Although not as well known as some of its African neighbours, Namibia is a gem for those in search of the wilderness. Namibia is a large, and sparsely populated country on Africa’s south-west coast, which has enjoyed more than a decade of stability since achieving Independence in 1990.

Namibia is a country of startling contrasts that straddles two great deserts: the Namib (after which it is named) is the oldest desert on the planet, and its sea of red sand lies along the Atlantic coastline, while in the eastern interior lies the Kalahari, a vast and sparsely vegetated savannah that sprawls across the border into neighbouring countries.

Over the years, there have been a number of cultural influences that have all added to the unique atmosphere of Namibia. At various times Germany, Great Britain and South Africa have all governed the territory, but it was with the eventual independence of Namibia that the country was able to develop its multi-cultural character and reinvent itself. There is a rich and colourful uniquely African vigour that now freely blends in with the European influences on architecture, food, customs and art, all merging to create a distinctive Namibian character.

All this is in interesting contrast with the expansive landscapes that surround the cities.
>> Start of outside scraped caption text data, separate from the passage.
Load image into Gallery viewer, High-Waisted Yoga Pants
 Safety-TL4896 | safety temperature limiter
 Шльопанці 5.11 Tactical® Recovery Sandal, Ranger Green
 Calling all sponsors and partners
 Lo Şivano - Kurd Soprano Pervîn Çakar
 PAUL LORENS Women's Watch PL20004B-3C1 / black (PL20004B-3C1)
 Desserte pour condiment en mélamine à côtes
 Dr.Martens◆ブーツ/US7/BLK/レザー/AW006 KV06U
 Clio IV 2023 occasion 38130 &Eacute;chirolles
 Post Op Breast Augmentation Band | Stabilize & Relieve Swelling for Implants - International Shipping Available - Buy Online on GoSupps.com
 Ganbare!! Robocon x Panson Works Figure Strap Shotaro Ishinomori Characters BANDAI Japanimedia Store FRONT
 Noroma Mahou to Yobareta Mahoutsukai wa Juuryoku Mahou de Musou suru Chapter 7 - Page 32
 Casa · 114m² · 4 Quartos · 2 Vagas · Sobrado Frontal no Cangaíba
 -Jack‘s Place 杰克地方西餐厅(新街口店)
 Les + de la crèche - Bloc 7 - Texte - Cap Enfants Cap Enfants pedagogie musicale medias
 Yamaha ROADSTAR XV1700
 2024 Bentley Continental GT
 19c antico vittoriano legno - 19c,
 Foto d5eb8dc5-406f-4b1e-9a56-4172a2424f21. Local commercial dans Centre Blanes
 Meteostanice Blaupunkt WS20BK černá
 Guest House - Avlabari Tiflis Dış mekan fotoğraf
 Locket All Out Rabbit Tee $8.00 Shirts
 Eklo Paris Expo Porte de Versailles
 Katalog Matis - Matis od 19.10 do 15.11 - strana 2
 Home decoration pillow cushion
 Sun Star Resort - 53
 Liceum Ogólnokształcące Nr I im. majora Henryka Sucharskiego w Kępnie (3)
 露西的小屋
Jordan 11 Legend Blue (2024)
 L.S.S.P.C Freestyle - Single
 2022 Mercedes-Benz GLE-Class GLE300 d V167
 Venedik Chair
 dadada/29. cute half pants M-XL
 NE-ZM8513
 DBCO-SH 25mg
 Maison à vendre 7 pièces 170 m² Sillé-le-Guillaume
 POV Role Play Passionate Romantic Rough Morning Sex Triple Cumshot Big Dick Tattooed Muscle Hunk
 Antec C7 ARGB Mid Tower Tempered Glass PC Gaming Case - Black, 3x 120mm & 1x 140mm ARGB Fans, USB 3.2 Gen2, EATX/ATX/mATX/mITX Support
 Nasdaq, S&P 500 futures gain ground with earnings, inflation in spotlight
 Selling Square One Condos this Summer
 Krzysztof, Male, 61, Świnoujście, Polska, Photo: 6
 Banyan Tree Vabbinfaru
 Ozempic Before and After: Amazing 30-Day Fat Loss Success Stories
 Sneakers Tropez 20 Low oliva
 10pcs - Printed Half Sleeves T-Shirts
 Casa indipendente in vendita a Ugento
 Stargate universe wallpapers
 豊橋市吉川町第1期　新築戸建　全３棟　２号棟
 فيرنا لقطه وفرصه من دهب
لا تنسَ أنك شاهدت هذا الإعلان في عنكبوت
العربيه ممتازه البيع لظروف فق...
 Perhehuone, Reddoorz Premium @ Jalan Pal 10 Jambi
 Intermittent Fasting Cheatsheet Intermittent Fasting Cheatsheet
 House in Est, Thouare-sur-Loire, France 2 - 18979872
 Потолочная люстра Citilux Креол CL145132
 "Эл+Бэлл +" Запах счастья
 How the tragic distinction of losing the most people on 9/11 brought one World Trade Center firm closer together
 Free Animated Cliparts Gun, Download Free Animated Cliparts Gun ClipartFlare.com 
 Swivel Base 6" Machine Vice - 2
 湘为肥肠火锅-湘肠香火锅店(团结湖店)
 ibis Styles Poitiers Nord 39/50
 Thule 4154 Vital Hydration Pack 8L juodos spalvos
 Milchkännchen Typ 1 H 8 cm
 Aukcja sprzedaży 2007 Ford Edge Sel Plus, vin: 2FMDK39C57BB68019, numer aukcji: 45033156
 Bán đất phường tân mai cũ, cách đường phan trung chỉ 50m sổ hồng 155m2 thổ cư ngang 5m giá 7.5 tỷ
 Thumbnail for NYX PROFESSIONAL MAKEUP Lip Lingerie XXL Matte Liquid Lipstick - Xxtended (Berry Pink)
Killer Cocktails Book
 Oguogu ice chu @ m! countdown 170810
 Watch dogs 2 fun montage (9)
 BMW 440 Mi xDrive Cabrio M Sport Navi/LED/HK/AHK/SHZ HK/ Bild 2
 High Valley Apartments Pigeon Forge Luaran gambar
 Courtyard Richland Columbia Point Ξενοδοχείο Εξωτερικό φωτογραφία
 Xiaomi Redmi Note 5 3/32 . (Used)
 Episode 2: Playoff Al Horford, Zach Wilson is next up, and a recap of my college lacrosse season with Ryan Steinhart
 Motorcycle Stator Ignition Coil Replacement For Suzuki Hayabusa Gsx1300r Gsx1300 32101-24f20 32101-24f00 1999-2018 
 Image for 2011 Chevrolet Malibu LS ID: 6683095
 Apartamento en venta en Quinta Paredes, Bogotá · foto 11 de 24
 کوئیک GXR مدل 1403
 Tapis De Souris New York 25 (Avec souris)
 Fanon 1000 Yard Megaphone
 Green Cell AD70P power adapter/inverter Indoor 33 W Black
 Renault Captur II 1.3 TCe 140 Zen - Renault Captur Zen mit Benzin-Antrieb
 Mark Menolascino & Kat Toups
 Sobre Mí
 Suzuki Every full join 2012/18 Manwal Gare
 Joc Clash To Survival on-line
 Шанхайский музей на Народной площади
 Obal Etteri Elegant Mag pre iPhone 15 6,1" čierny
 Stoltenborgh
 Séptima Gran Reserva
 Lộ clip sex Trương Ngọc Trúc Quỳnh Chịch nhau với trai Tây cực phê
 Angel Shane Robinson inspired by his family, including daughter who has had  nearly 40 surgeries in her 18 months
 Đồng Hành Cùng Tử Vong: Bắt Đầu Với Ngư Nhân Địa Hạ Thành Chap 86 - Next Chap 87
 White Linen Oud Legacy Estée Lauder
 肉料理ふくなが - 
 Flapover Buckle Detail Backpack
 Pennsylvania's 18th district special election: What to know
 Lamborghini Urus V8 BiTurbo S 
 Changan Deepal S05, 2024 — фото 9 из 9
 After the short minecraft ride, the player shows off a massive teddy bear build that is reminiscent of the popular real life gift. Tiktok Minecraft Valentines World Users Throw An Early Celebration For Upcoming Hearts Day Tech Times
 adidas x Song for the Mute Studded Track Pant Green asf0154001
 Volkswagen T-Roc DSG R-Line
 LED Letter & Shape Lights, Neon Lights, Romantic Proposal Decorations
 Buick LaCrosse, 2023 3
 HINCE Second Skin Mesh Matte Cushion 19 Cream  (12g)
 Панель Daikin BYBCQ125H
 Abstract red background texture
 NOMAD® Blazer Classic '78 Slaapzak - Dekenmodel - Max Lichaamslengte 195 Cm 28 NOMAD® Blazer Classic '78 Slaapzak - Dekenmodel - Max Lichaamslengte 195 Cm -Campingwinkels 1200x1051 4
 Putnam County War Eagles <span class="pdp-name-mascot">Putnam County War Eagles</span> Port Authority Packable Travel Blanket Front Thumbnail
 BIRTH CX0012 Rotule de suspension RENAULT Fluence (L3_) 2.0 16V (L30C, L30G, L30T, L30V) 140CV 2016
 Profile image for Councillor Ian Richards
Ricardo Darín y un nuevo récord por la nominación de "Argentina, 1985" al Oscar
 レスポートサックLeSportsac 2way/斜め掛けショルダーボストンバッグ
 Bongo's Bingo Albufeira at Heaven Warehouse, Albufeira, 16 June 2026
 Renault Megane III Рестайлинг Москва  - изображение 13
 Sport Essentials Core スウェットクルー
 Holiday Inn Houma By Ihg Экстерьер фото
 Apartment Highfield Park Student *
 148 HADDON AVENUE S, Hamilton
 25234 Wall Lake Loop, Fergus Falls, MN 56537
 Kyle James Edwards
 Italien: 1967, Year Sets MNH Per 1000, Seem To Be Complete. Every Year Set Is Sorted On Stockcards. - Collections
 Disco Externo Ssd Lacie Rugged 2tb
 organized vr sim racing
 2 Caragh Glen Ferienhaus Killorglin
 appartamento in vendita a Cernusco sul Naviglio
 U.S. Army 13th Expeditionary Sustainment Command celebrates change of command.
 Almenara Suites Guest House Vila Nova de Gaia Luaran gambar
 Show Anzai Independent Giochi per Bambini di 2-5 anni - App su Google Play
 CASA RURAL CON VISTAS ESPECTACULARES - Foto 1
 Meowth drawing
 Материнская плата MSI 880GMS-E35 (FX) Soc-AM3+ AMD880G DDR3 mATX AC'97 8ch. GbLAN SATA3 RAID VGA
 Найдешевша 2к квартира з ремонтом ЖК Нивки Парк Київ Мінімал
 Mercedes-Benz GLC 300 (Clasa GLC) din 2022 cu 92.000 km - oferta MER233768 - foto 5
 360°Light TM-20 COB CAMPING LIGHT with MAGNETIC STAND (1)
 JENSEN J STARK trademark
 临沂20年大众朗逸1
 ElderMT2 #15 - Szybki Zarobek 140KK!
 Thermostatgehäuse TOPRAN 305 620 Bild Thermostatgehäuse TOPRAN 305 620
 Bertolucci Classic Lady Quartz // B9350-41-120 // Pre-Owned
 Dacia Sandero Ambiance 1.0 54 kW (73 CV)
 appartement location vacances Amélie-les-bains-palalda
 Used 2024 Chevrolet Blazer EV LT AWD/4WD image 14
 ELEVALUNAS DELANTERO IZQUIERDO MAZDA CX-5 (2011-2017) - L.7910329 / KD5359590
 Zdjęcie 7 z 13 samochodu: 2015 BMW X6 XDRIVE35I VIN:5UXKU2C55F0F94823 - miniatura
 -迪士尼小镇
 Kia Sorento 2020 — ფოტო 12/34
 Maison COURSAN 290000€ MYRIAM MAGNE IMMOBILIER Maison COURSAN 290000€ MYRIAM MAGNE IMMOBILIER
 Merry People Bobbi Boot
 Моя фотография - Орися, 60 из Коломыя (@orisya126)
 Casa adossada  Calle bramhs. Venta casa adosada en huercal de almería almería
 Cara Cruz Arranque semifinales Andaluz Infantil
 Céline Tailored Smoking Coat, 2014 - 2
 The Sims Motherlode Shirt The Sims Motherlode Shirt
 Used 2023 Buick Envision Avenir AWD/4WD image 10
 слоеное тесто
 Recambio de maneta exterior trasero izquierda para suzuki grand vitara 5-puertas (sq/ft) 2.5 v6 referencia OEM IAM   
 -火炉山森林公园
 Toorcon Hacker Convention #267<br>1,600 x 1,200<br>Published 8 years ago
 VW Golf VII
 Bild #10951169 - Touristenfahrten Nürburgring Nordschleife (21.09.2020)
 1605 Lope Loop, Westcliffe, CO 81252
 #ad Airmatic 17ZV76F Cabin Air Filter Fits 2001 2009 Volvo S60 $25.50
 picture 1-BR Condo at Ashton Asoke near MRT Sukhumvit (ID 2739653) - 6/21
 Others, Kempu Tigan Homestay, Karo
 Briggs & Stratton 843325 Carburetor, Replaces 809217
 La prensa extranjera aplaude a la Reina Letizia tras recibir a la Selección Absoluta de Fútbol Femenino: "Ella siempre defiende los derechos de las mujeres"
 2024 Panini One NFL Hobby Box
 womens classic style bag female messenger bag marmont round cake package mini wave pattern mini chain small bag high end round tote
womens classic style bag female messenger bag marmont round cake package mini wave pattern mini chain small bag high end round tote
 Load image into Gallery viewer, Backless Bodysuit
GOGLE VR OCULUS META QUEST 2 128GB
The many national parks and game reserves boast a huge variety of wildlife in a kaleidoscope of differing environments:

The Etosha National Park, the third largest in Africa, owes its unique landscape to the Etosha Pan, a vast shallow depression of approximately 5,000kmĀ². A series of waterholes along the southern edge of the pan guarantee rewarding and often spectacular game viewing.

The Sossusvlei, Namibia’s famous highlight in the heart of the Namib Desert, is a huge clay pan, enclosed by giant sand dunes. Some of the spectacular hills of sand are, at a height of 300 metres, the highest in the world. Sossusvlei and the Namib Naukluft Park are very popular with photographers. The colours, shapes and contrast of the dunes against the clear blue sky are constantly changing from sunrise to sunset.

The Skeleton Coast is so named for all the ghostly shipwrecks that are beached on these remote and inaccessible white shores. Seals in their many thousands colonise lonely beachheads along the coastline. This 2 million hectare park is one of the most inhospitable and least visited places on earth and is best accessed by a fly-in safari.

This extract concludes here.